**Exercise description**
Repeat exactly the lines of the records below, starting at the line containing "Beautiful antique chair with armrest" and ending at the line containing "cad画楼梯工具栏不见了怎么办". Leave the pictures out.

── Input records ──

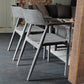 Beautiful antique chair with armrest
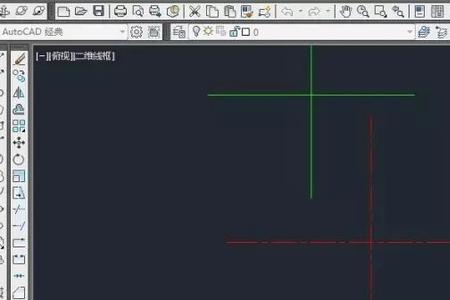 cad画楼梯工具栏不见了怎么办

───
── Input records ──

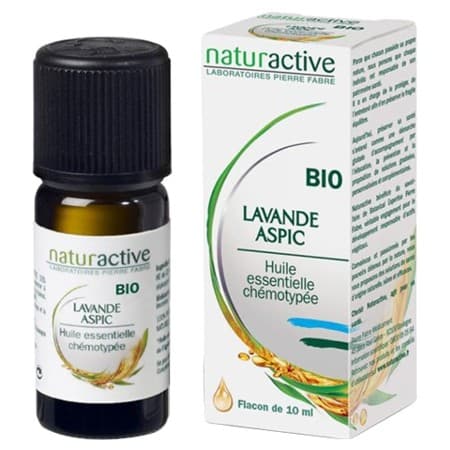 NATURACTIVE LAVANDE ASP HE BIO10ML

───
── Input records ──

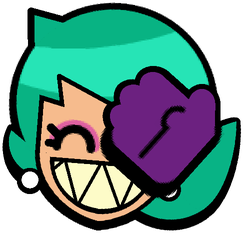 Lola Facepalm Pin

───

**Task result**
 Beautiful antique chair with armrest
 cad画楼梯工具栏不见了怎么办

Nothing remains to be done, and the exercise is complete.